After those two games, the Saints face two brutal challenges with both Super Bowl teams back to back.  They play Denver at home and Carolina on the road in Thursday Night Football.  That Carolina game looks almost insurmountable, as Denver is sure to stretch the Saints' offense to its physical limits with their ridiculous pass rush.  Perhaps it's karmic retribution for playing Carolina on a bye earlier in the year.

Afterwards, the Saints have their only "homestand," playing two games at home against the Los Angeles Rams and the Detroit Lions.  They then travel to Tampa Bay and Arizona on their only "road trip."  Except for these four games, the Saints' entire schedule alternates between home & away.

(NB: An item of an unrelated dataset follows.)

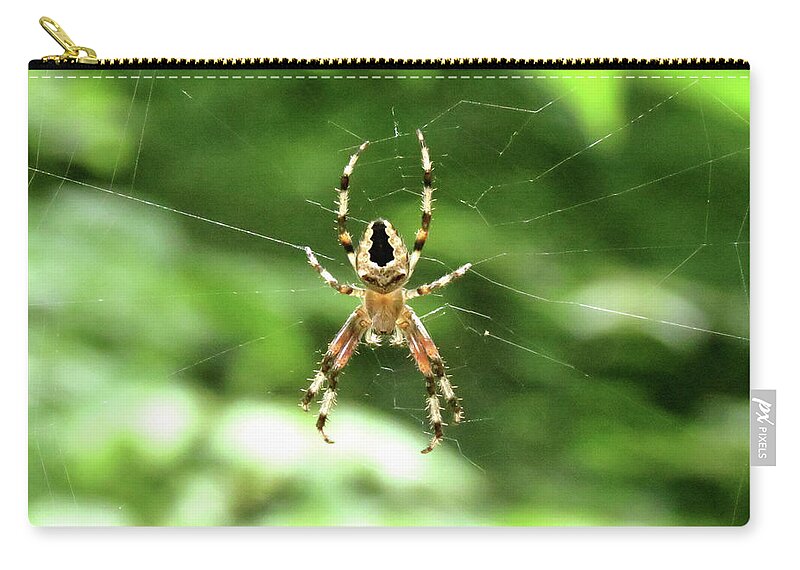 Spider Zip Pouch featuring the photograph Orb Weaver by Azthet Photography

The Saints then round out the season with two divisional games, as Tampa Bay will come to visit and then the Saints will close out their season in the final game in the Georgia Dome, looking to play spoiler to Atlanta's going away party.

It's too early to make any kind of prediction as to record or individual games, but this is the most difficult schedule I've seen in some time.  There isn't a single easy win to be found there, and every team is either an upstart, performed well last year, or inexplicably plays the Saints tougher than they play anyone else (that one is specifically directed at LA).  If 2016 turns out to be special, the Saints will have earned their keep, to be sure.  Perhaps it's the critic in me, and I'm not giving the Saints enough credit, but to compete the Saints have to beat the competitors.